Single by Tebey

from the album The Good Ones
- Released: June 12, 2020
- Genre: Country;
- Length: 2:53
- Label: Jayward; Sony Canada;
- Songwriter(s): Tebey Ottoh; Danick Dupelle; Jimmy Thow;
- Producer(s): Danick Dupelle;

Tebey singles chronology
| "The Good Ones" (2019) | "Happened on a Saturday Night" (2020) | "Shotgun Rider" (2021) |

Music video
- "Happened on a Saturday Night" on YouTube

= Happened on a Saturday Night =

2020 song by Tebey

"Happened on a Saturday Night" is a song co-written and recorded by Canadian country artist Tebey. The song was co-written with Danick Dupelle and Jimmy Thow. It was the third single from Tebey's third studio album The Good Ones.

==Background==
Tebey said the song is about "life changing, epic moments in life" and "connections, friendships, new love and great memories that can present themselves when you least expect them". The song was only written as a result of the COVID-19 pandemic. Tebey and Danick Dupelle could not get together to finish his album The Good Ones in early 2020 as planned due to pandemic restrictions, which led to more time for additional songwriting, subsequently resulting in "Happened on a Saturday Night" being written.

==Critical reception==
Chris Country said the song is "ultra-catchy", describing it as "the perfect tune to have us all reminiscing about our most memorable summer nights". Courtney Fielder of Country100 called the song the "perfect song to cruise on into a weekend with".

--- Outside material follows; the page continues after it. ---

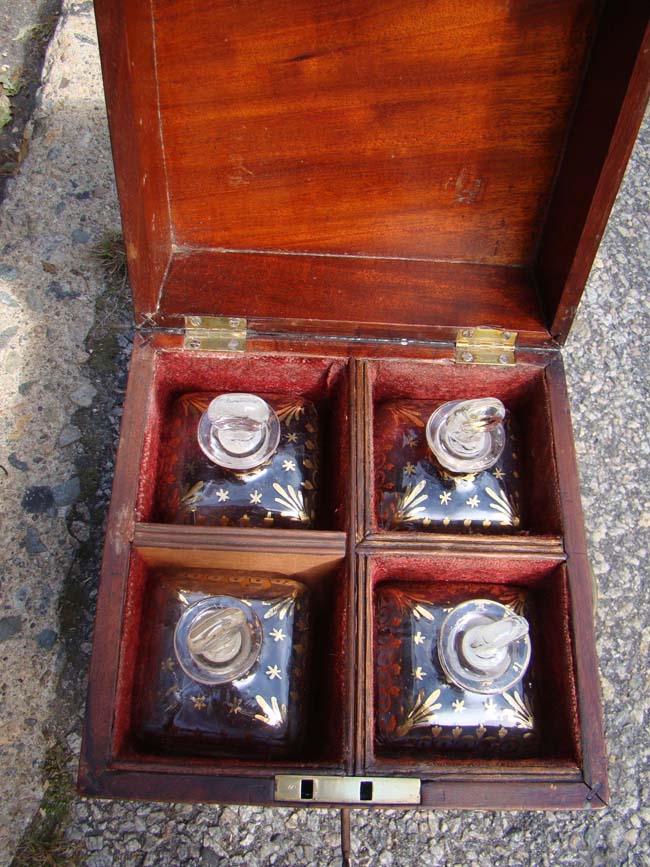 A beautiful early 19th century Ship Captain's decanter set with its' original bottles circa 1820 — image 4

==Commercial performance==
"Happened on a Saturday Night" reached a peak of number 8 on the Billboard Canada Country chart dated November 21, 2020, marking Tebey's seventh Top 10 hit. It also peaked at number 98 on the Billboard Canadian Hot 100, his first charting entry there since his cover of "Wake Me Up" in 2014. It has been certified Gold by Music Canada.

==Music video==
The official music video for "Happened on a Saturday Night" was directed by Ryan Nolan and premiered on July 18, 2020.

==Charts==

| Chart (2020) | Peak position |
|---|---|
| Canada (Canadian Hot 100) | 98 |
| Canada Country (Billboard) | 8 |

==Certifications==

| Region | Certification | Certified units/sales |
| Canada (Music Canada) | Gold | 40,000^{‡} |
^{‡} Sales+streaming figures based on certification alone.